* [Record extracts]:
= = = = = = =

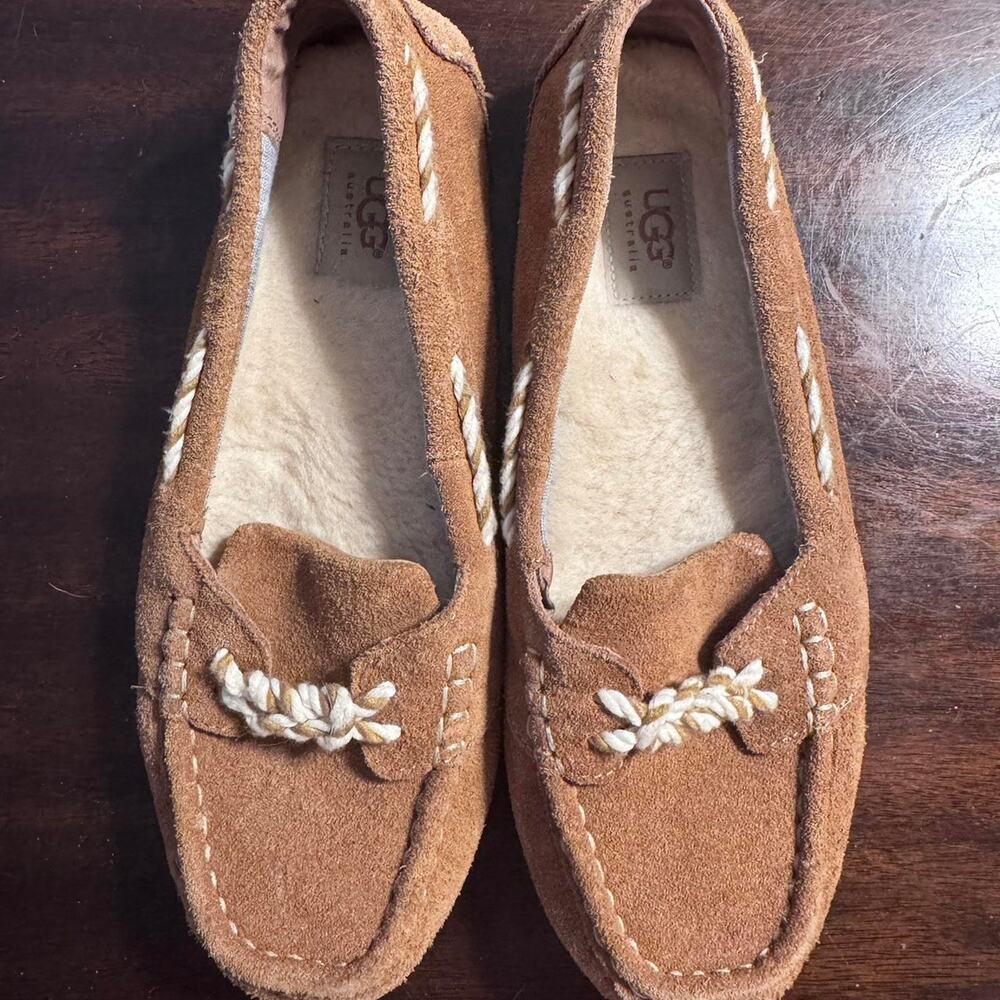 Tan ugg slippers ugg
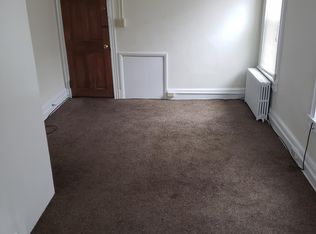 933 Windsor St APT 3, Reading, PA 19604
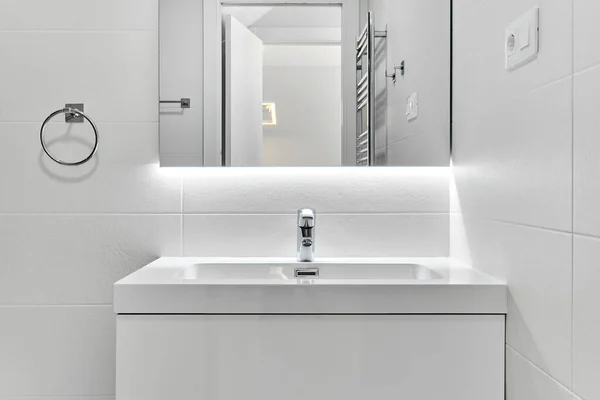 Üres Fehér Modern Fürdőszoba Tiszta Megvilágított Tükörrel Mosogatóval Belsőépítészeti Részletek — Stock Fotó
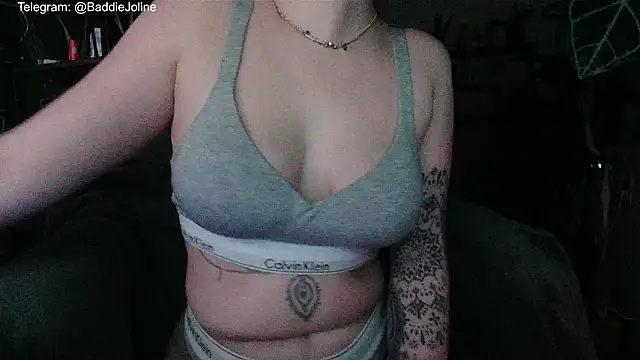 BaddieJolineのライブXXXチャット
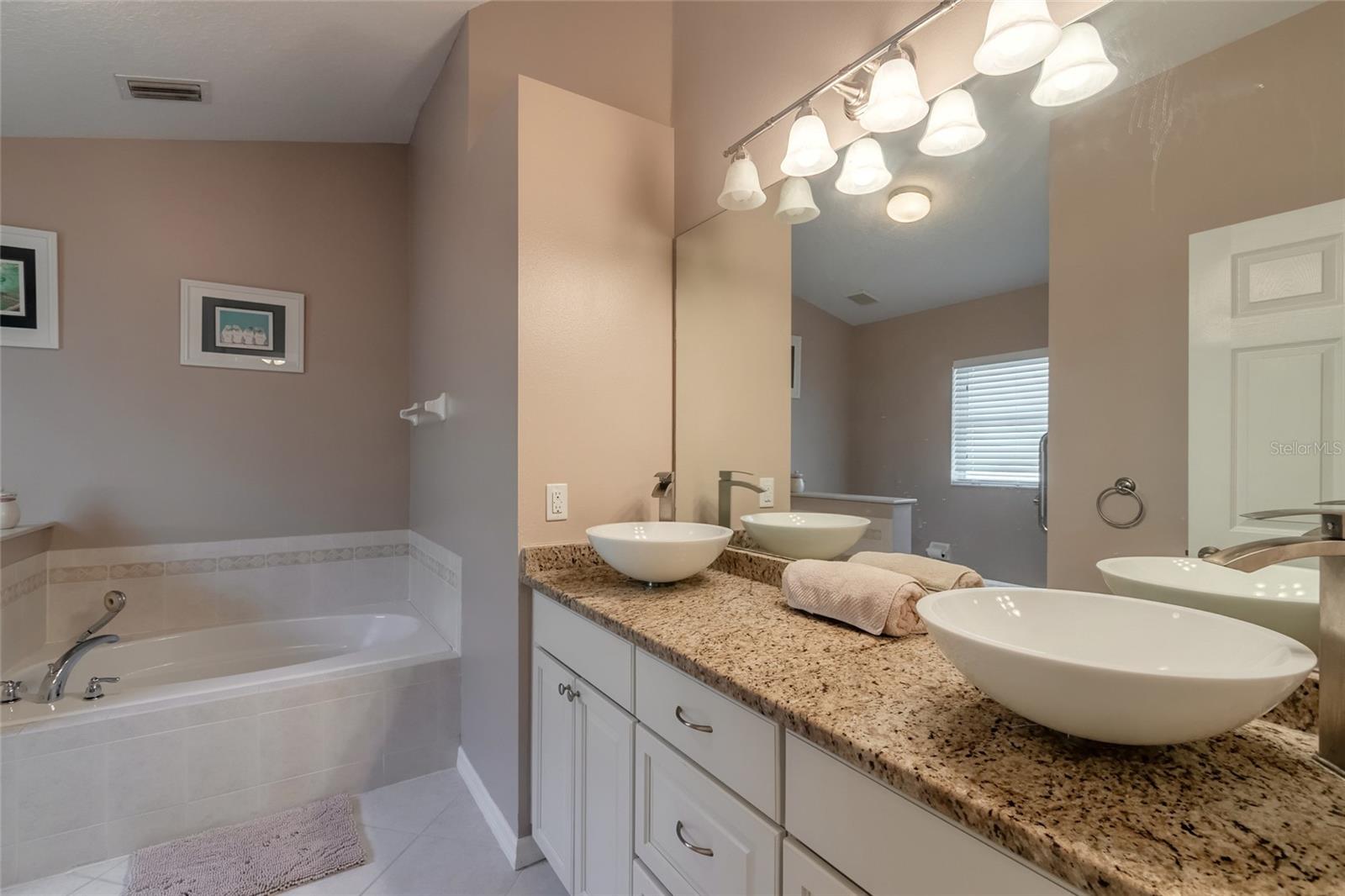 Image 8 of 44 For 704 Coral Trace Boulevard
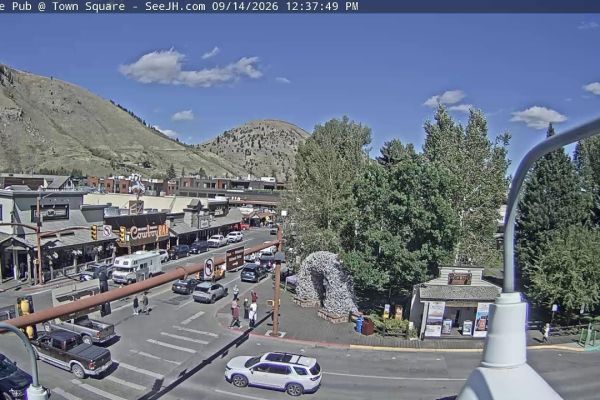 Town Square Cache Street - Jackson, WY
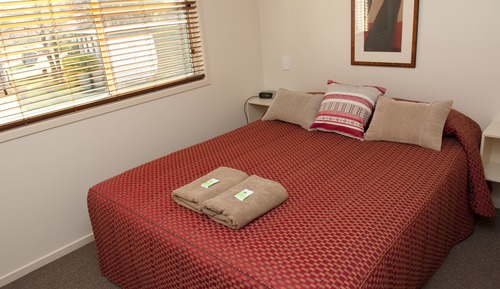 Family 2 Bedroom Cabin Courtside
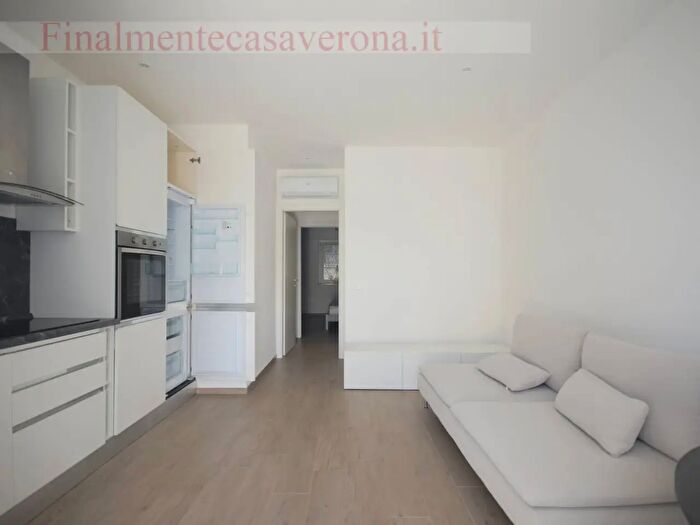 Appartamento bilocale in affitto in Via Scarabello, Verona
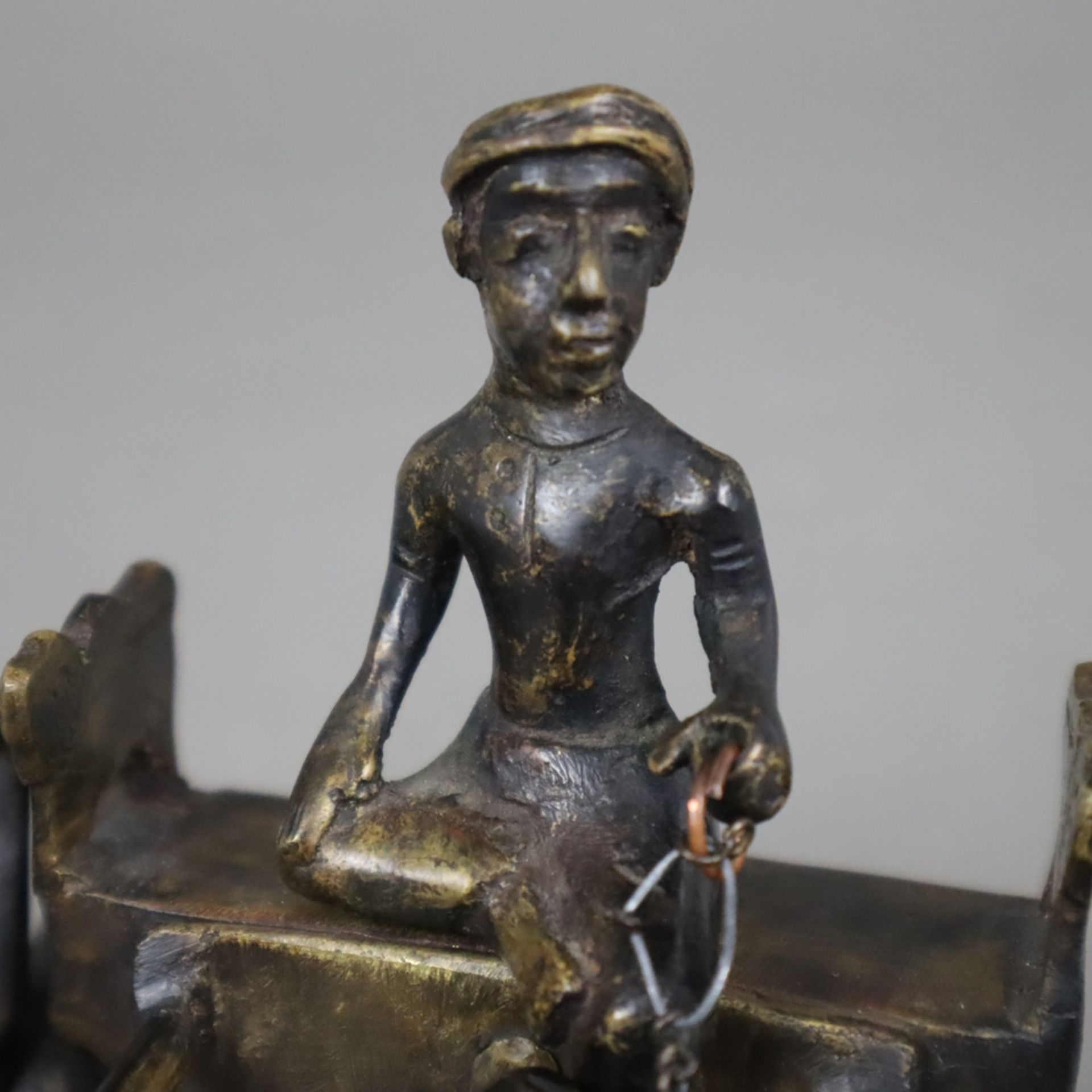 Ochsengespann - Bronze, dunkel patiniert, dreiteilige Figur, auf einem Gespann sitzender Bauer (Sti - Bild 5 aus 6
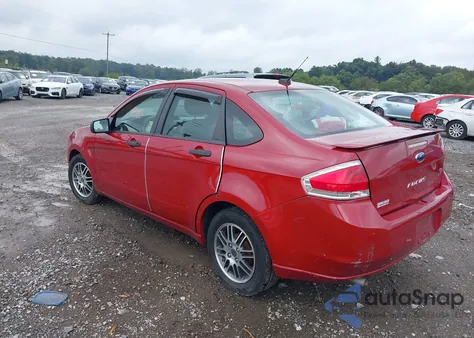 2010 Ford Focus Se z USA, uszkodzony, nr VIN 1FAHP3FN0AW203770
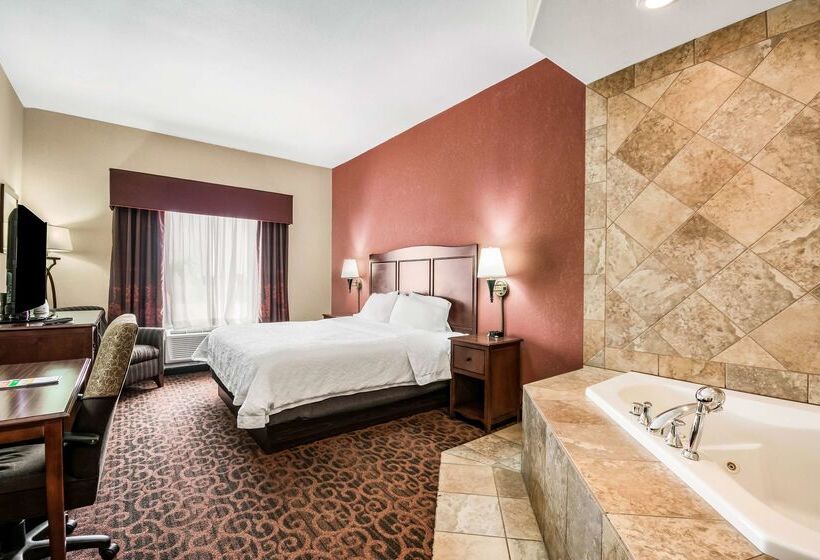 Отель Hampton Inn Derby Wichita Southeast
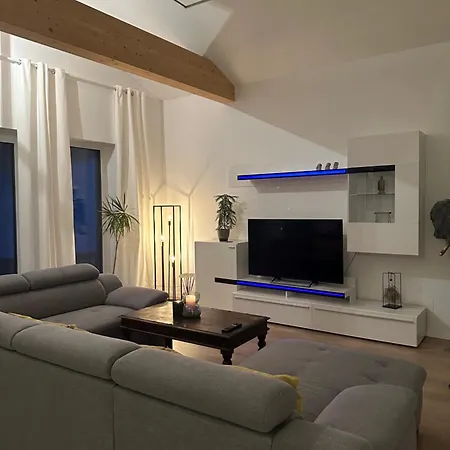 Modernes Holiday home Wolfhagen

= = = = = = =

In your answer, copy exactly the lines running from the line with "Family 2 Bedroom Cabin Courtside" to the end of the material above, both included, and omit all pictures.

 Family 2 Bedroom Cabin Courtside
 Appartamento bilocale in affitto in Via Scarabello, Verona
 Ochsengespann - Bronze, dunkel patiniert, dreiteilige Figur, auf einem Gespann sitzender Bauer (Sti - Bild 5 aus 6
 2010 Ford Focus Se z USA, uszkodzony, nr VIN 1FAHP3FN0AW203770
 Отель Hampton Inn Derby Wichita Southeast
 Modernes Holiday home Wolfhagen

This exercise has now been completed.